Task to carry out: Exactly the lines from the one containing "originale, Photographie numérique" through the end of the data, and nothing more, should be retyped; pictures stay out.

Records for processing:
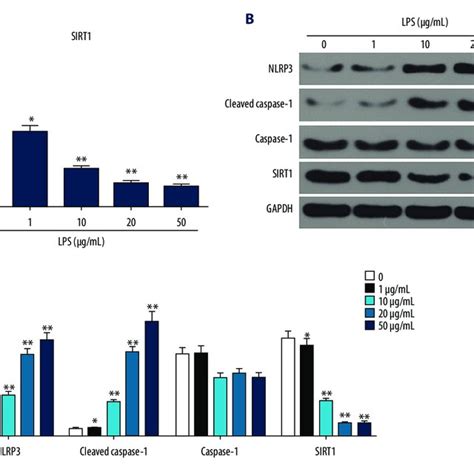 The Expression Of Sirt Nlrp Cleaved Caspase And Caspase At Each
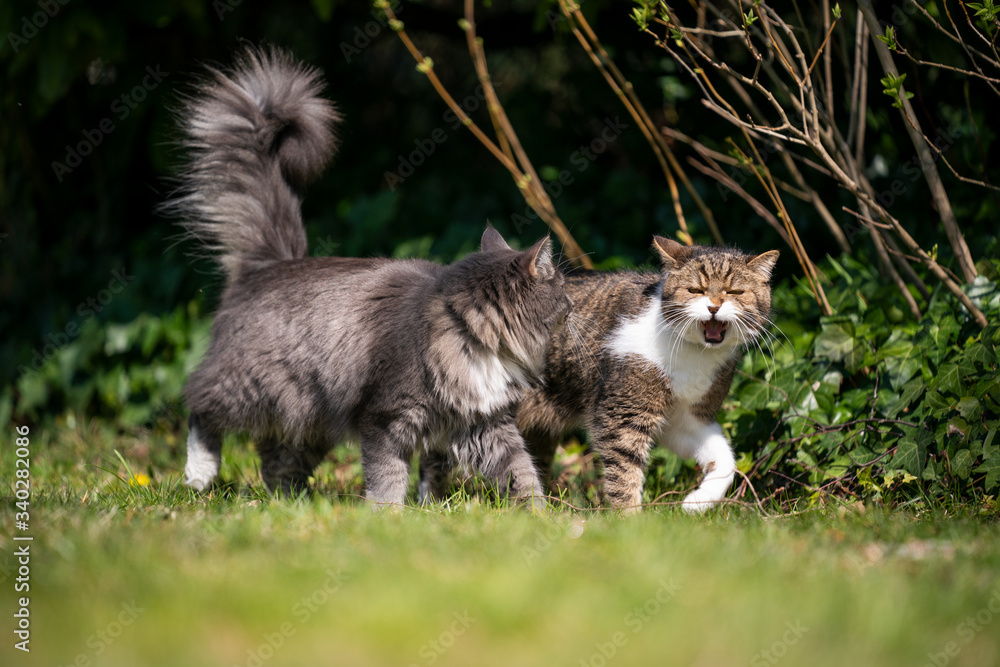 Obraz premium two different breed cats walking side by side looking at each other meowing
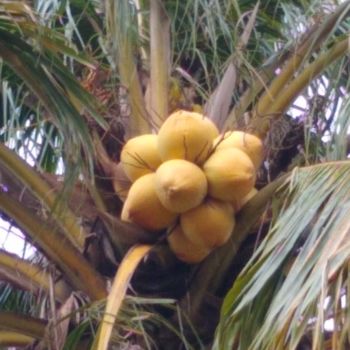 Photographie intitulée "Coconut Palm Tree" par Vassil Pavlov, Œuvre d'art originale, Photographie numérique
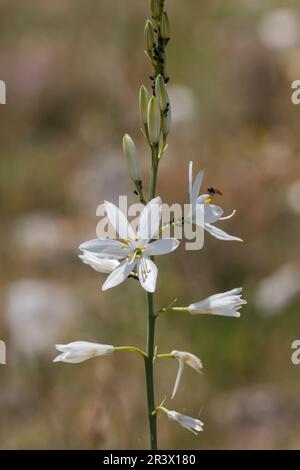 Anthericum liliago, comunemente conosciuto come il St Il giglio di Bernardo, San Bernards giglio Foto Stock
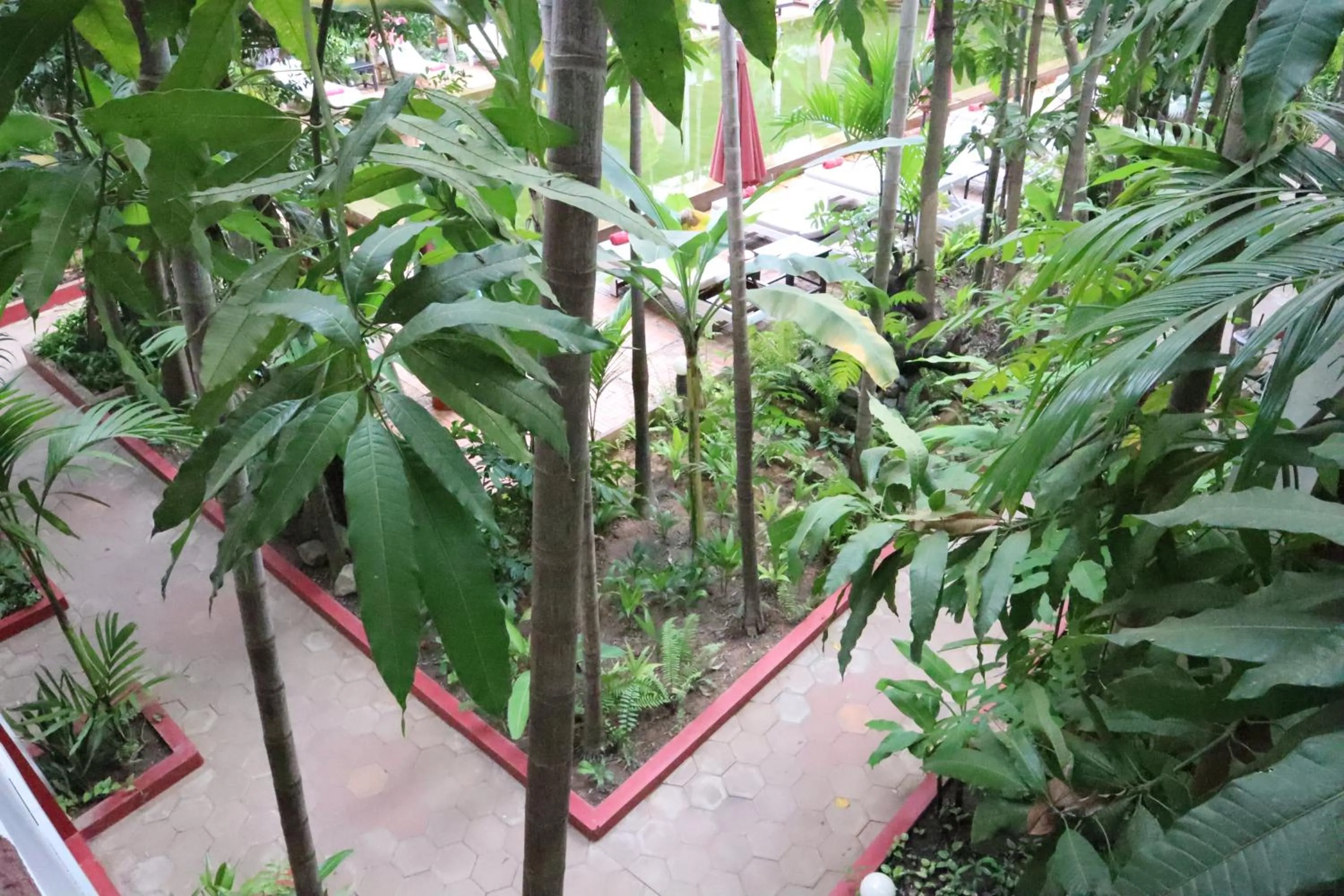 Property building in La Niche D'angkor Boutique Hotel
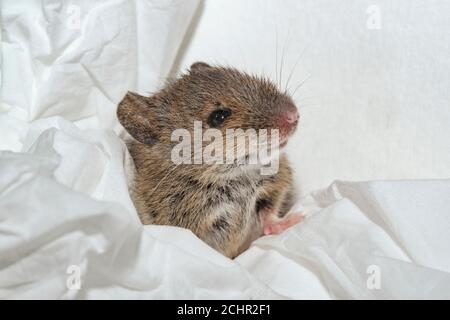 Feldmaus mit Gewebe. VEREINIGTES KÖNIGREICH. Stockfoto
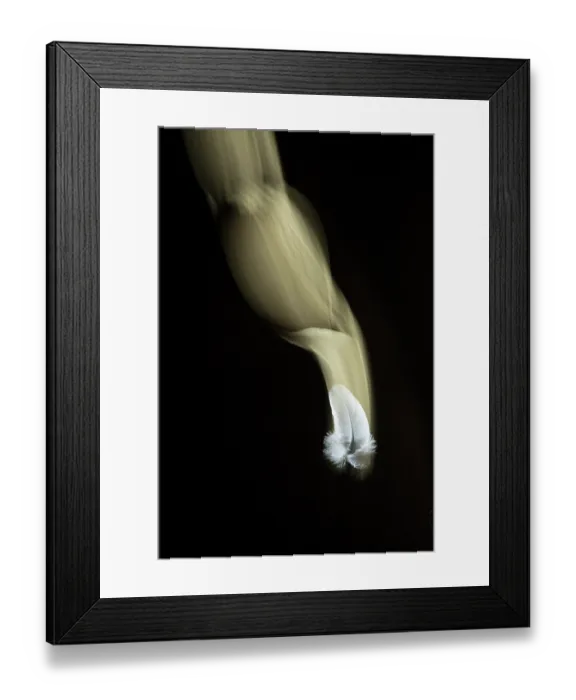 Framed Print : Falling white feather on black background, Bristol, UK. Digital composite Framed Print : Falling white feather on black background, Bristol, UK. Digital composite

Solution:
 Photographie intitulée "Coconut Palm Tree" par Vassil Pavlov, Œuvre d'art originale, Photographie numérique
 Anthericum liliago, comunemente conosciuto come il St Il giglio di Bernardo, San Bernards giglio Foto Stock
 Property building in La Niche D'angkor Boutique Hotel
 Feldmaus mit Gewebe. VEREINIGTES KÖNIGREICH. Stockfoto
 Framed Print : Falling white feather on black background, Bristol, UK. Digital composite Framed Print : Falling white feather on black background, Bristol, UK. Digital composite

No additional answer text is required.